2 De acordo com o entendimento do ministro Teori Zavascki: “A eficácia normativa (= declaração de constitucionalidade ou de inconstitucionalidade) se opera ex tunc, porque o juízo de validade ou nulidade, por sua natureza, dirige-se ao próprio nascimento da norma questionada. Todavia, quando se trata da eficácia executiva, não é correto afirmar que ele tem eficácia desde a origem da norma. É que o efeito vinculante, que lhe dá suporte, não decorre da validade ou invalidade da norma examinada, mas, sim, da sentença que a examina.
Derivando, a eficácia executiva, da sentença (e não da vigência da norma examinada), seu termo inicial é a data da publicação do acórdão do Supremo no Diário Oficial (art. 28 da lei 9.868/99).

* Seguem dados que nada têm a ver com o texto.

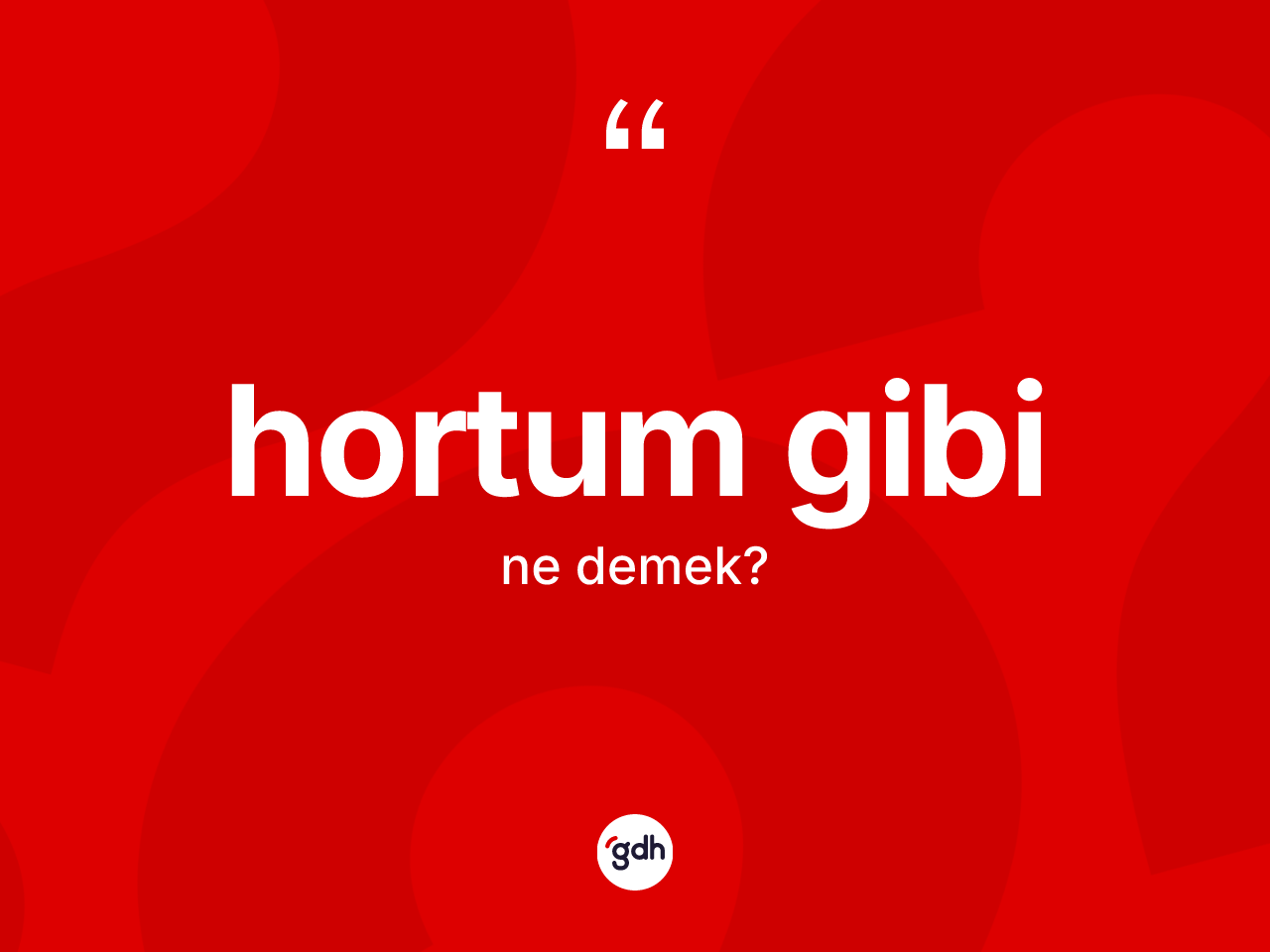 Hortum gibi ifadesinin kısaca tanımı nedir? Hortum gibi ifadesinin TDK anlamı nedir?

É, consequentemente, eficácia que atinge atos administrativos e decisões judiciais supervenientes a essa publicação, não atos pretéritos. Os atos anteriores, mesmo quando formados com base em norma inconstitucional, somente poderão ser desfeitos ou rescindidos, se for o caso, em processo próprio”.
3 Não podemos deixar de trazer para debate o disposto no art. 535, §§ 5º a 8º, do CPC, que considera também inexigível a obrigação reconhecida em título executivo judicial fundado em lei ou ato normativo considerado inconstitucional pelo Supremo Tribunal Federal, ou fundado em aplicação ou interpretação da lei ou do ato normativo tido pelo Supremo Tribunal Federal como incompatível com a Constituição Federal, em controle de constitucionalidade concentrado ou difuso.

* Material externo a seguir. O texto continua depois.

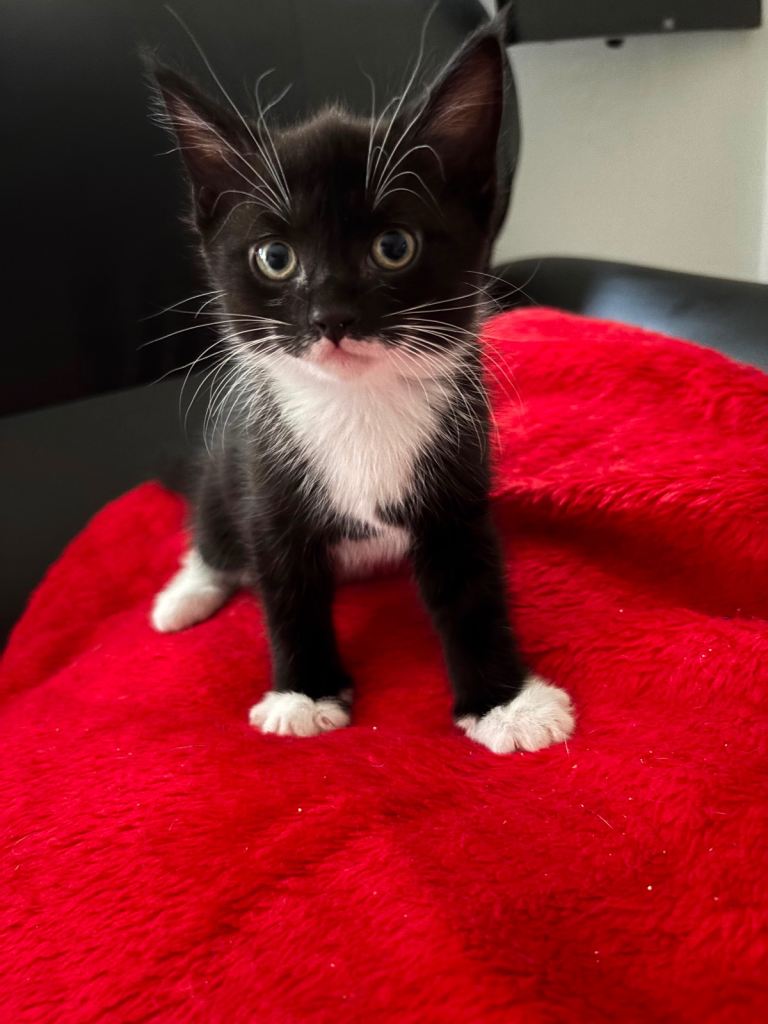 1 male kitten 2 female kitten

Além disso, autoriza que os efeitos da decisão do Supremo Tribunal Federal poderão ser modulados no tempo para favorecerem a segurança jurídica. Por fim, especifica que, se a decisão for proferida após o trânsito em julgado da decisão em execução, caberá ação rescisória, cujo prazo será contado do trânsito em julgado da decisão proferida pelo Supremo Tribunal Federal.

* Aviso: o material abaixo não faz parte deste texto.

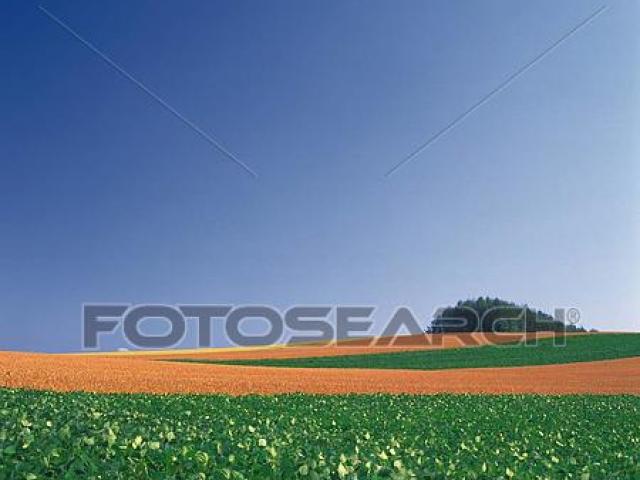 hill clipart flat land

É bem verdade que esse dispositivo trata da declaração de inconstitucionalidade da norma. Contudo, por questão de simetria, não pode ser afastada para os casos de determinado título executivo se tornar inadmissível ainda que pela declaração de constitucionalidade da norma, principalmente em se tratando do caso concreto objeto deste artigo, já que as empresas beneficiárias dispunham de um título executivo sobre uma obrigação de não pagar de trato sucessivo.
4 Art. 927. Os juízes e os tribunais observarão:
§ 3º Na hipótese de alteração de jurisprudência dominante do Supremo Tribunal Federal e dos tribunais superiores ou daquela oriunda de julgamento de casos repetitivos, pode haver modulação dos efeitos da alteração no interesse social e no da segurança jurídica.